Auditors from the European Commission are in the Czech Republic to take a closer look at EU subsidies for a holding of companies formerly owned by the current Czech prime minister, which might still constitute a conflict of interest.
The Commission’s auditors are conducting inspections at a number of Czech institutions in order to investigate the potential conflict of interest of Czech Prime Minister Andrej Babiš in redistributing EU subsidies for holding Agrofert.
The EU inspectors already visited the Ministry of Labour and the Ministry for Regional Development last week, and this week they are at the State Agricultural Intervention Fund (SZIF), which distributes and controls EU subsidies in the agricultural sector.
The results of all the investigations should be published in April.
The Commission was alerted by the Czech branch of the anti-corruption organisation Transparency International (TI).
According to them, even after transferring Agrofert into a trust fund, Babiš can still control it, and at the same time (as prime minister) he has a say in deciding the structure of the EU’s budget and the distribution of European subsidies in the Czech Republic.
The Czech Pirate Party has also joined the criticism and has published a legal analysis, allegedly confirming the reported conflict of interest.
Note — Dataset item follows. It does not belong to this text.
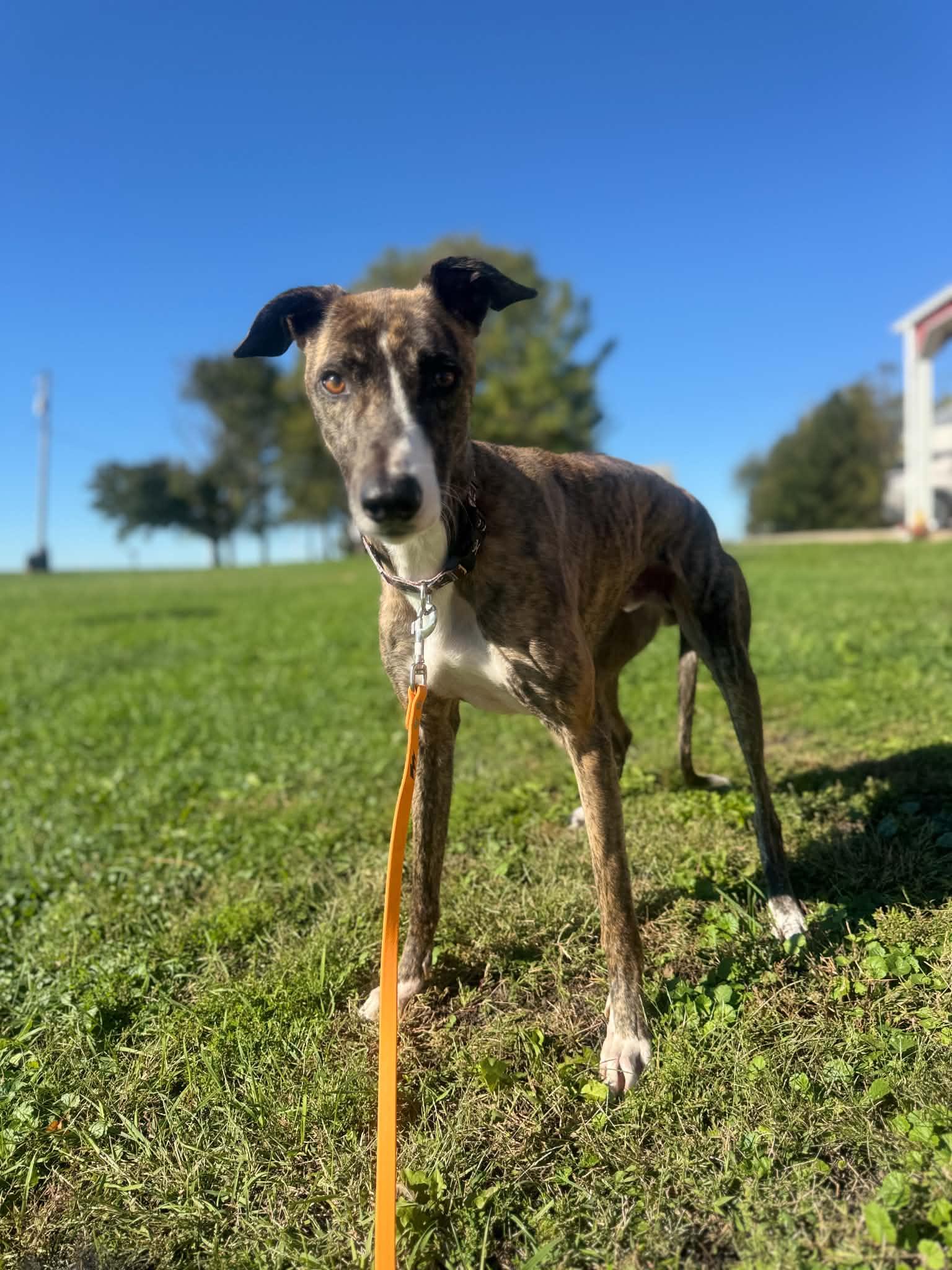 Enlarge Spur, a Adoptable mixed breed in Verona, IL image 2/3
SZIF spokesperson Vladimíra Nováková told EURACTIV.cz that no political agent in the Czech Republic participates in redistributing CAP funds, which is exclusively within the competence of the SZIF.
“This is the case for both European agricultural funds, for which only the SZIF as the accredited paying agency, according to the applicable EU legislation, controls the expenditure,” she said.
Babis himself has said he has no control over the funds or business and has denied breaking any rules.
According to Nováková, the prime minister, other politicians and ministers do not decide on granting specific subsidies, cannot influence their allocation in any way and do not personally participate in their control or audit.
The Ministry of Agriculture supported this position as well.
The audit process
The SZIF audit started in the first days of 2019 by the Ministry of Agriculture by sending the Commission materials on the disbursement of European subsidies to Agrofert.
“As far as the documents are concerned, they included a summary of management and control procedures for the measures in question, a description of the fulfillment of the accreditation criteria, and data on payments for measures beyond the Integrated Administration and Control System (in particular the Rural Development Program) for the financial years 2018 and 2019,” Nováková said.
She added the investigation would focus mainly on measures preventing conflicts of interest.
It is from the Rural Development Program, which forms the second pillar of the CAP, that the Agrofert Group is drawing financial support for investments in its businesses.
The aim of the programme is to increase the competitiveness of companies, strengthen employment in rural areas and contribute to the protection of the environment. In total, in the 2014 – 2020 period, it should bring up to €3.7 billion into the sector.
The significance of the audits
Whether the very existence of an audit is a serious matter or a normal procedure is now very much the question.
According to TI analyst Milan Eibl, the audits should shed new light on how the subsidies for Agrofert were actually distributed.
“These findings, along with the legal interpretation of the relevant provisions of the so-called European Financial Regulation, will be the basis for the final position of the European Commission, which should be published sometime in April,” he told EURACTIV.cz.
However, the SZIF pointed out that audits are not unusual.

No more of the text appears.